Stingrays and sharks. I think I'll take off work early and get in while the action is hot down there.  :rotfl:


----------



## dgposton (Mar 6, 2009)

Gilbert said:


> not being a jerk but you are better off trying to find a spot in galvetraz instead of matagorda bay if you are wanting to bank/pier fish.


Why, what's wrong with Matagorda Bay? Are there no good piers there at all?


----------



## Capt. Dustin Lee (Jan 16, 2006)

dgposton said:


> Why, what's wrong with Matagorda Bay? Are there no good piers there at all?


What they are saying is, there is nothing wrong with the bay just very LIMITED areas to fish other than using a boat. No piers are on either East or West Bay. Only option you have is what was said in the above posts.

Capt. Dustin Lee
Fish'N Addiction Guide Service
www.TexasBigFish.com
www.MatagordaBayFishingGuide.com 
979-236-6203

Team Brown Lures, Fish -N- Hunt, Kubala Kustom Rods, Midcoastproducts., Wiley X and Stinky Pants Stringers.


----------



## dgposton (Mar 6, 2009)

Capt. Dustin Lee said:


> What they are saying is, there is nothing wrong with the bay just very LIMITED areas to fish other than using a boat.
> 
> Capt. Dustin Lee
> Fish'N Addiction Guide Service
> ...


Are there any good lighted piers in Palacios post-Ike?


----------



## Capt. Dustin Lee (Jan 16, 2006)

dgposton said:


> Are there any good lighted piers in Palacios post-Ike?

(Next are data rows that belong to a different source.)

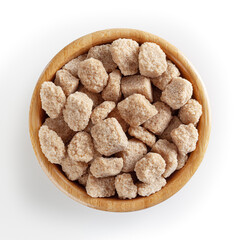 Cubes of brow cane sugar in wooden bowl isolated on white background with clipping path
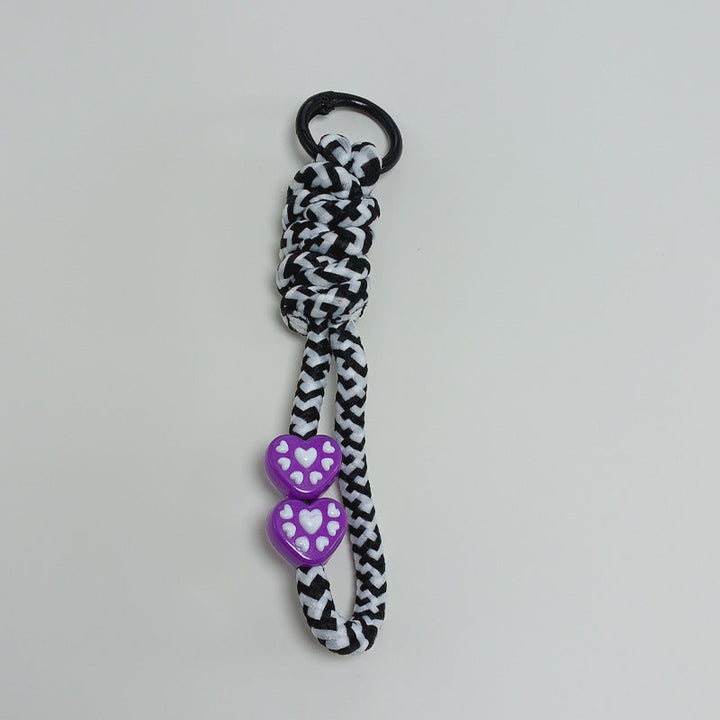 Paracord key holder with integrated survival features for outdoor enthusiasts & daily use.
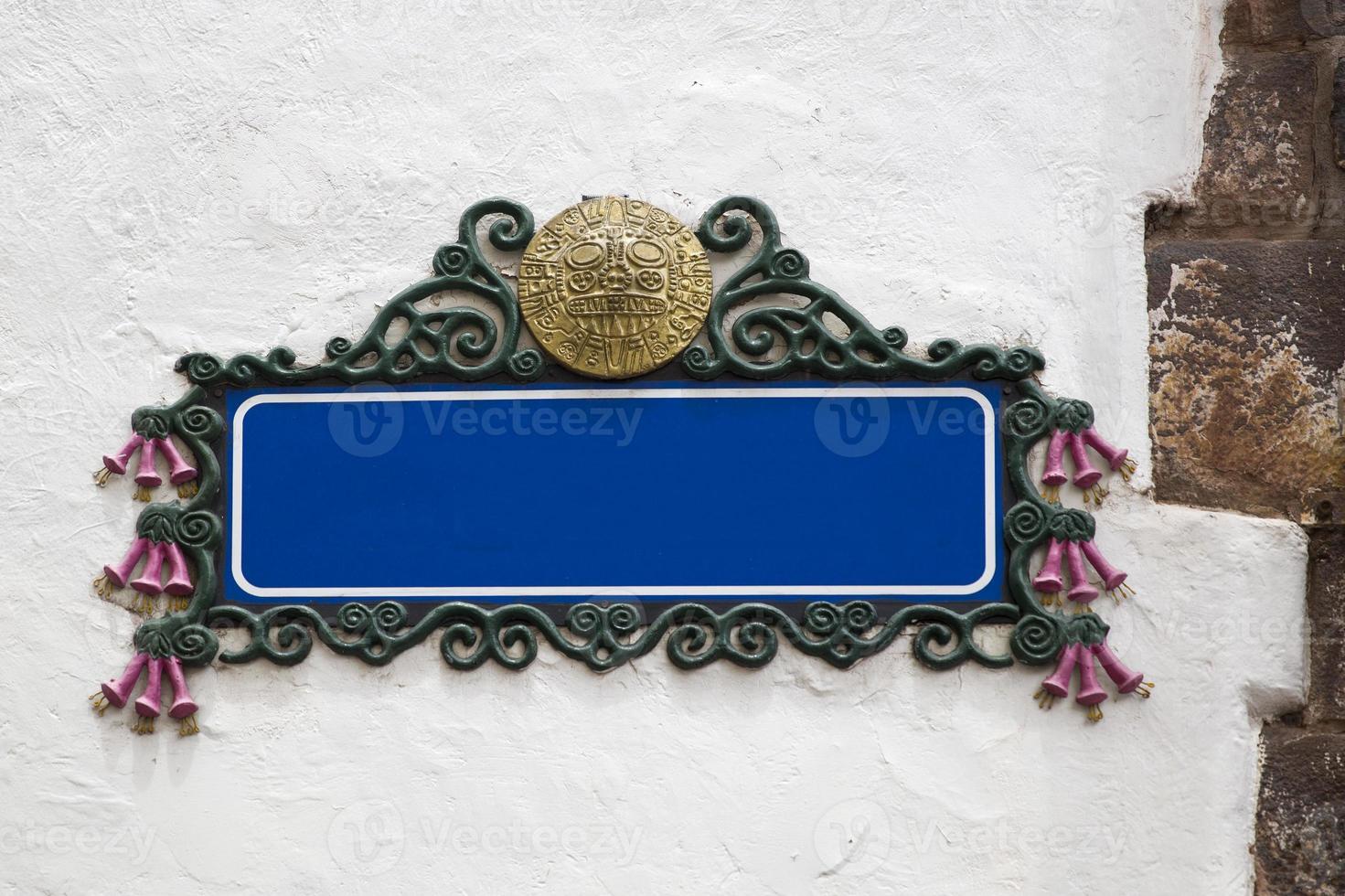 Blank empty blue street sign on a plastered wall photo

I am not 100% sure but I dont think they got any damage there from Ike. Spent many years fishing down there in my younger days fishing off of the T dock and a few of the other piers. It has been about 12 years so I am not sure what is down there now. I'm sure a 2cooler here will have that info for ya. Good luck.

Capt. Dustin Lee
Fish'N Addiction Guide Service
www.TexasBigFish.com
www.MatagordaBayFishingGuide.com 
979-236-6203

Team Brown Lures, Fish -N- Hunt, Kubala Kustom Rods, Midcoastproducts., Wiley X and Stinky Pants Stringers.


----------



## Gilbert (May 25, 2004)

dgposton said:


> Why, what's wrong with Matagorda Bay? Are there no good piers there at all?


what Dustin said. :smile:



Capt. Dustin Lee said:


> What they are saying is, there is nothing wrong with the bay just very LIMITED areas to fish other than using a boat. No piers are on either East or West Bay. Only option you have is what was said in the above posts.
> 
> Capt. Dustin Lee
> Fish'N Addiction Guide Service
> ...


----------